Pandora’s Planet — Christopher Anvil

Cover of Pandora's Planet


Pandora’s Planet
Christopher Anvil
192 pages
published in 1972 (original in 1956)

Libertarianism has a well deserved bad reputation in science fiction, largely because so many writers who profess to be adherents also are godawful people who write jack off fantasies about how freedom requires there jackbooted thugs putting their boot in somebody else’s face, whether it’s Heinlein’s repeated wish to kill off all the lawyers or Kratman resurrecting the Waffen SS to deal with an alien invasion. But once upon a time there was a gentler, more humane sort of libertarianism, one that still catered to the prejudices of Analog notorious editor John Campbell Jr, but that hadn’t quite lost its humanity. H. Beam Piper was its best known representative, but there were others, like Christopher Anvil.
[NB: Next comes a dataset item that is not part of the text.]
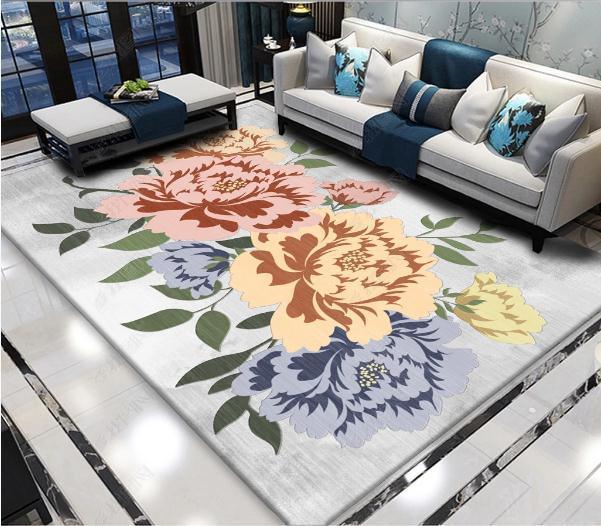 3D Hand Painted Peony Non-Slip Rug Mat 94- Jess Art Decoration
Anvil is one of those writers I only ever had heard about, but had never read simply because I’d never seen any of his work for sale, new or secondhand. He was never translated in Dutch as far as I know, one of those minor Analog writers who’d been reasonably popular in the sixties and seventies but was passed by when the genre moved on. From what I gather he specialised in stories in which clever humans put one over militaristic aliens and Pandora’s Planet is in that mold, gently cocking a snoot at authority in general in the process. It’s gentle and not very humourous satire, but much better than the modern libertarian habit of genociding every alien race that looks at Earth funny.